Tutta Larsen (Тутта Лаpсeн; born 5 July 1974 in Khanzhonkove-Pivnichne, Makiivka, Donetsk Oblast, Ukraine, USSR), born Tatyana Anatolyevna Romanenko (Татьяна Анатoльeвна Poманeнкo) is a VJ and TV presenter.

She worked at the MTV Russia (1998 and 2008), Stolitsa FM, Channel Mother and Child and is the founder and leader of TUTTA.TV.

== Biography ==
When Tatyana was seven years old, her father left the family. Her mother remarried. Her stepfather, Yuri Belenky (born 4 May 1956), was a film producer. At school she loved to organize matinees, plays, contest KVN. She studied English and ballet, and was fond of cycling and football, as well as extreme tourism, mountain climbing, rock climbing, kayaking, and orienteering. In 1990 in Makeyevka she graduated from music school in classical guitar, and in 1991 from a comprehensive school with a gold medal.

Immediately after school she went to Moscow and entered the MSU Faculty of Journalism. During her studies in 1994, she trained in the advertising department of the company BIZ-Enterprises, where she began a career as a TV presenter. At that time, Tatyana began to use the pseudonym Tutta Larsen, derived from the names of the red fox cub Ludwig Larsen and the young chicken Tutta Carlson - fairy-tale characters of the Swedish children's writer Jan-Olof Ekholm

In 1996-1998, Tutta Larsen worked as a leading music programs on the channel Muz-TV. From 1996 to 2000 she was a DJ on the Radio Maximum.

From September 1998 to July 2008 she worked as a DJ on the channel MTV Russia; she did live interviews, conducted music news, charts, talk shows about the problems of modern youth, a game show, and an awards ceremony channel. The new genre of music programs involved the transformation of the speaker into the VJ, a dialogue with the audience, etc. The music channel became a window into the world of youth.

Tutta Larsen was a soloist with the bands Jazzlobster and Thaivox, and recorded as a singer more than one album. In 1998 she released her only album «Newbodyforms».

In addition, she appeared in several music videos and was a guest star in several television series.

From 2007, she worked on the Radio Mayak together with Dmitry Glukhovsky, later with Konstantin Mikhailov, Vladimir Averin and Gia Saralidze и «Центральный комитет». In 2010, Radio Mayak in Barnaul hosted the evening The Show Hit Home with Tutta Larsen and Gia Saralidze.

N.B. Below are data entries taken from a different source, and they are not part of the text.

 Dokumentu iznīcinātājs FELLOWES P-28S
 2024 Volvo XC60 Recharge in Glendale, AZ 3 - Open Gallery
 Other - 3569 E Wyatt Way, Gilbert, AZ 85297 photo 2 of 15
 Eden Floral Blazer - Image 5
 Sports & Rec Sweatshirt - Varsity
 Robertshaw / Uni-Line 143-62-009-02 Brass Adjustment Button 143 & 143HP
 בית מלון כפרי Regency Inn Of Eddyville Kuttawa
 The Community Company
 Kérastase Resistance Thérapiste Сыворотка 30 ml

In 2008, after working for ten years on MTV Russia, Tutta Larsen moved to the TV channel Zvezda, where at the end of the year she released two documentaries about the Great Patriotic War.

From 23 April 2010 to 15 August 2014 one of the leading talk shows was Girls on the channel Russia 1.

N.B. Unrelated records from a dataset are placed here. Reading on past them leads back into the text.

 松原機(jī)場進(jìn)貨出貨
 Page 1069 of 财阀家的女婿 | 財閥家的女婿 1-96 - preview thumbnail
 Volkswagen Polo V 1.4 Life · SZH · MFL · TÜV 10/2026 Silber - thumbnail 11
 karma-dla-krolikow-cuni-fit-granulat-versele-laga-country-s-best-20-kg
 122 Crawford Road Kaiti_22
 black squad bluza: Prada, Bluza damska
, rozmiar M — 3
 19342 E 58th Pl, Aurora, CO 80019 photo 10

In 2012, Tutta Larsen became a member of the Russian jury Eurovision Song Contest 2012.

In May 2015 she launched her own channel TUTTA.TV, dedicated to the issues of motherhood, parenting, psychology and relationships.

=== Personal life ===
Larsen's first husband was Maxim Galstyan, a musician and guitarist. She was in a long-term relationship with journalist and writer Zakhar Artemyev, the older brother of singer Pavel Artemyev. From that partnership a son was born in May 2005. Her second husband is Valery Koloskov. The couple shares two children, a daughter born in 2010 and a son born in 2015.